Anyway, not sure why I felt compelled to share this information on here. It was just shocking and I needed to write about it. Here's the old post for reference in case no one knows what I'm talking about....

(old post from April)

Wrigs ate 3 of my Landjagers that I bought this week at Pike's. Chumley must have knocked them off the counter because there was no other way Wrigs could have reached them. I came downstairs to an empty bag on the floor and Wrigs had a guilty face and a rumbling tummy. There were also tiny bites in the bottom of the bag which makes me think Chum started the whole thing.

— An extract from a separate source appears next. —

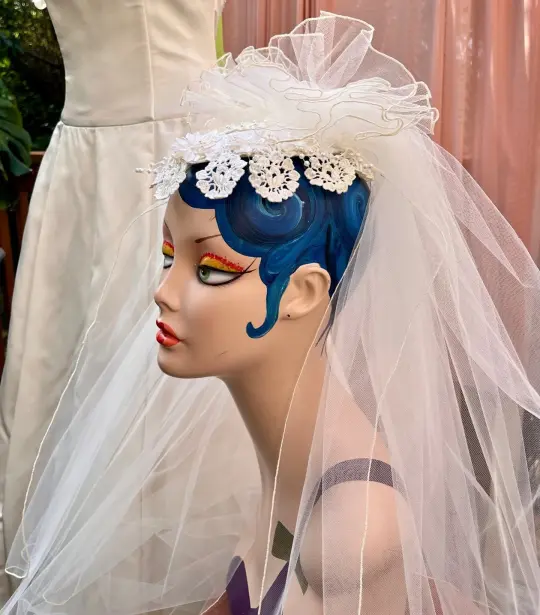 Ivory Lace & Pearl Headpiece + Veil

Anyway, I've been walking Wrigs A LOT trying to make sure everything is expunged from his system.

When Tom and I walk him together we place bets on what kind of poo he's going to do. As he does his poo walk (he gets his body low to the ground, tail too, and sniffs and sniffs and sniffs for just the right spot) I'll say "Wrigs, what kind of poo are you gonna do?"

I even have some what of a song to go along with it...

One, Two, Do a BIG poo.

Three, Four, Here comes more.

Five, Six, Did you eat sticks??

Seven, Eight, FUMIGATE!!!

So anyway after Wrigs gets into prime pooing position Tom and I will shout out what kind of poo we think he's going to do.

Here are the options:

- the big log (self explanatory)

- hard nuggets (Tom always says, "Hard Nugget Brigade!" when this happens, he made this up himself)

- soft serve swirly cone (think McDonalds)

and finally

- carne Asada or chili Mac (these 2 are often one in the same and can be used interchangeably)

So today, based on Wrigs devouring the 3 giant meat sticks, I assumed (in my head since Tom was not with me) that it would be a Carne Asada or Chili Mac combo. But it wasn't. When I saw the nuggets pop out I was surprised and said aloud to Wrigs,

"WOW! A hard nugget brigade?"

There was a woman walking her son in a stroller just a couple feet ahead of me and I'm not sure if she heard, but I pretended to talk on my blue tooth until we passed her.

I am surprised though that he had hard nuggets. I thought the meat sticks would have resulted in a hot lava flow but I guess not. Maybe there's still more to come.


Bon Don said...

I think I will use "Hard Nugget Brigade!" when referring to my poos! hahaha

Busy Bee Suz said...

You guys are so silly...I love the poo is stuck in my head now!!!!
I would watch him in another few could get messy. :)

Gina said...

when i was a little kid my dad and i would count how many "plops" my dog made on her walks! hehe

Smileygirl said...

Hard Nugget Brigade has a nice sound to it. It should be a band.

So far no mess with Wrigs but his poor tummy keeps making these AWFUL noises! Will he learn his lesson??? NO.

Gina that story about your dad is so cute. I can just picture a dad and his little girl counting the plops. I think we may have to add to our game and see if we can guess poo type and plops!

Karyn said...

omg, im dying laughing.

moooooog35 said...

You guys are gonna be super annoying when you have kids.

K@tie said...

You're lucky he stops to go. My dogs like to do the "walk-n-dump" and leave turds all down the street.

Anonymous said...

Hard nuggets are way easier to clean and pick up after, on a cement sidewalk, versus the soft serve ice cream variety. Then if you dont get it all, people give you looks.

Anonymous said...

Oh... my... God.

You guys are hilarious.


Anonymous said...

Dr. Oz recently posted a pic via twitter that was a poop chart :

He says type 4 is the ideal poop to have.